New Delhi: The country’s largest consumer products company by turnover, Hindustan Unilever Ltd, or HUL, plans to launch Pureit, its water purifier brand, in rural markets by year-end, targeted at relatively well-off village households that are able to afford its recurring cost.
Pureit, which marked the company’s entry into the consumer durables business, was introduced in 2005 in Chennai and then in other southern markets before its national launch early this year.
Once the roll-out of the product in the urban markets is completed, HUL will launch Pureit in rural markets, according to three people familiar with the plan who spoke on condition of anonymity because they aren’t authorized to speak to the media.
“The company is making substantial investments in sales and distribution and advertising and promotions to ramp up its presence in the urban markets,” one of them said. “For rural markets, it is planning to tie up with various government agencies and non-profit organizations.”
The company plans to add 2,500 more executives over the next nine months to Pureit’s existing sales team of 7,500. Besides traditional advertising such as television commercials, the company is promoting the product through non-traditional channels such as hospitals, clinics, government and non-government bodies and health care agencies.

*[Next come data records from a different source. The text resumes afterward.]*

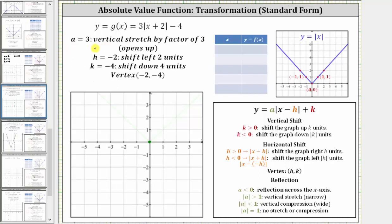So to summarize: a equals three, which produces a vertical stretch by a factor of three and the graph opens up. Because h is negative two, the graph is shifted left two units. And because k is equal to negative four, the graph is shifted down four units. The vertex is always at (h, k), which in this case is (negative two, negative four). Let's verify these results using an animation before we graph this by hand.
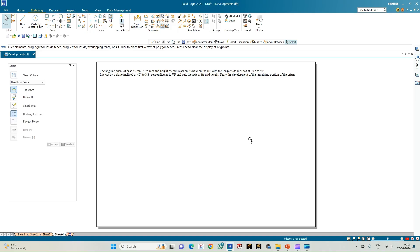Welcome to Mickey Study Circle channel. In this video we shall see how to do the development of the lateral surfaces of solids using the Solid Edge software. The problem statement has a rectangular prism of base 40 mm and 25 mm, with height 65 mm, resting on its base on the HP with the longer side inclined at 30 degrees to VP. It is cut by a plane inclined to HP at 40 degrees, perpendicular to VP, passing through the mid height of the axis.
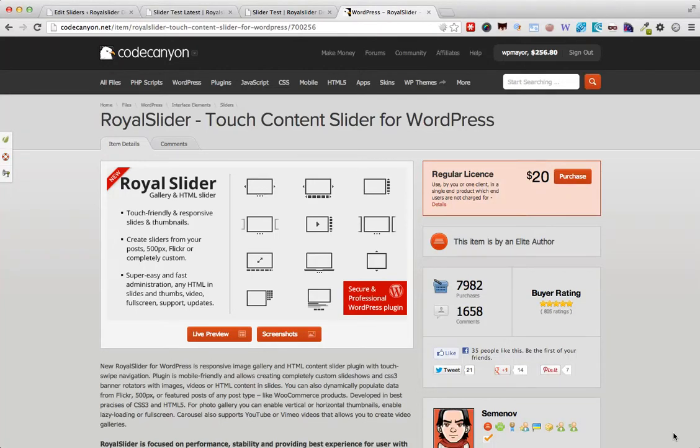Hello guys, it's Jan from WP Mayor and today we have Royal Slider, a plugin which is designed to build sliders for WordPress and this plugin is available from CodeCanyon.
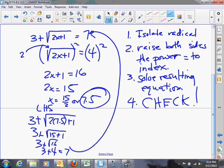Sometimes when you get down to step three, your equation is still going to have a radical in it. If that's the case, solving the resulting equation sends you back to step one — isolate the radical again. Let's take a look at an example of that.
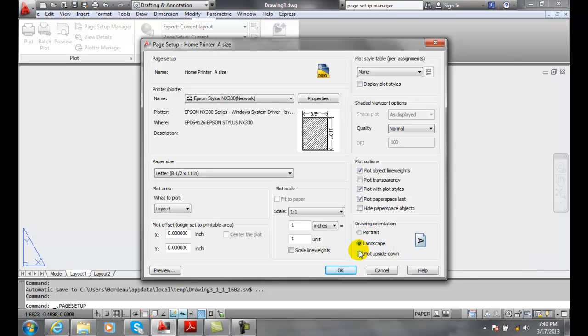When we use plot upside down, this is when we're going to try to do different variations of orientation, mainly because the way our printer or plotter takes the pieces of paper and orientates the paper.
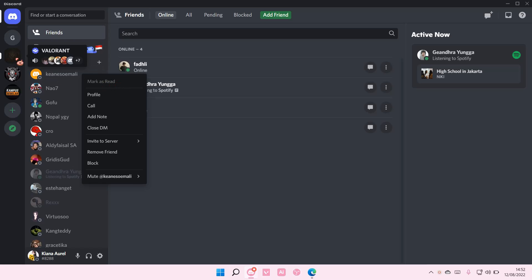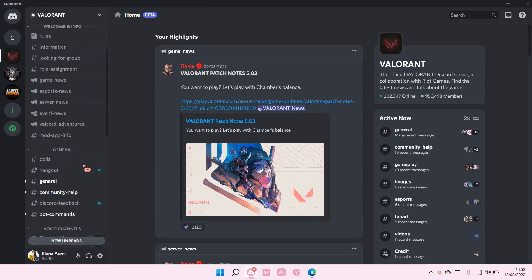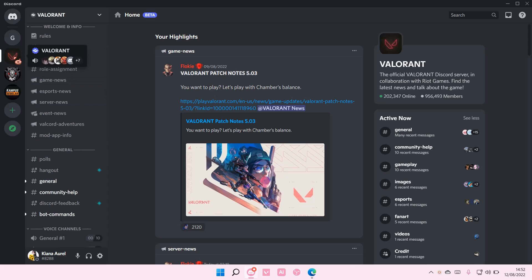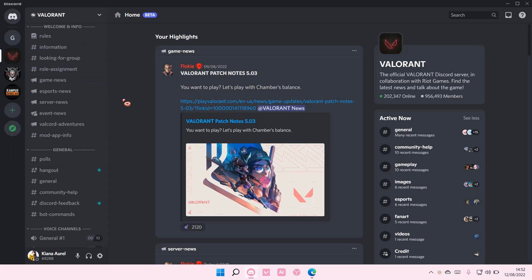You can also do that in servers. As you can see, there's these messages. You can right click and select mark as read, or you can go to the server and select shift escape to mark as read.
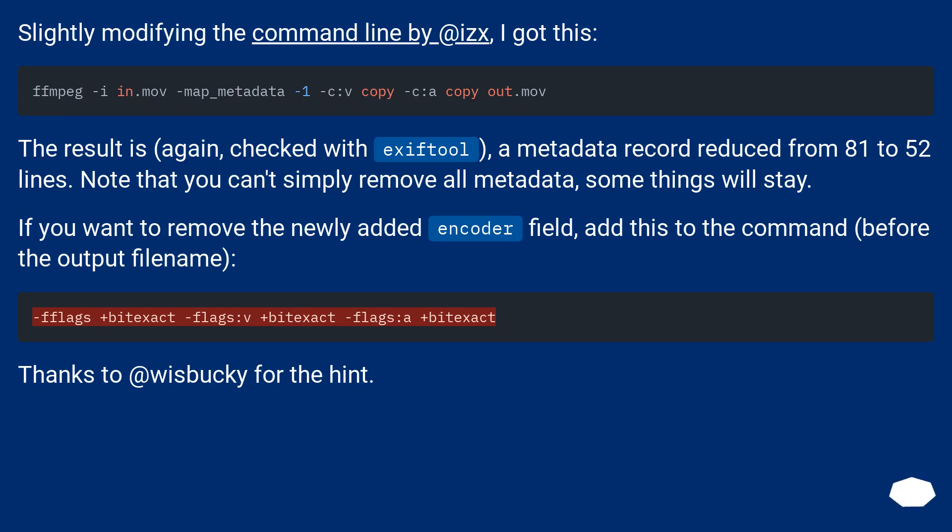Slightly modifying the command line by @ix, I got this. The result is, again, checked with exiftool, a metadata record reduced from 81 to 52 lines.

The water purifying business is a potentially lucrative opportunity in a country where large areas lack access to safe drinking water. About 80% of India’s domestic water supply comes from groundwater, according to the World Bank, in a country where water-related diseases are common.
The market is estimated to be worth around Rs1,000-1,200 crore by annual sales. Competitors like Eureka Forbes Ltd. are also looking at the rural markets to expand. “The bottom of the pyramid has a huge potential. It is growing around 70-100% year on year,” said Zarine Commissariat, general manager, strategy and business development at Eureka Forbes.
Pureit, priced at Rs1,800, will be pitched at farmers and educated rural families who would be able to bear the recurring cost of the GermKill battery-kit used in the product that typically lasts for about 1,500 litres. The replacement kit is priced at Rs300.
But some analysts say HUL is unlikely to turn a profit from the water-purifying business anytime soon. “Pureit is currently a very small contributor to HUL’s sales and the business is not likely to break even before the next two to three years,” said Anand Shah, an analyst at Mumbai-based brokerage firm Angel Broking.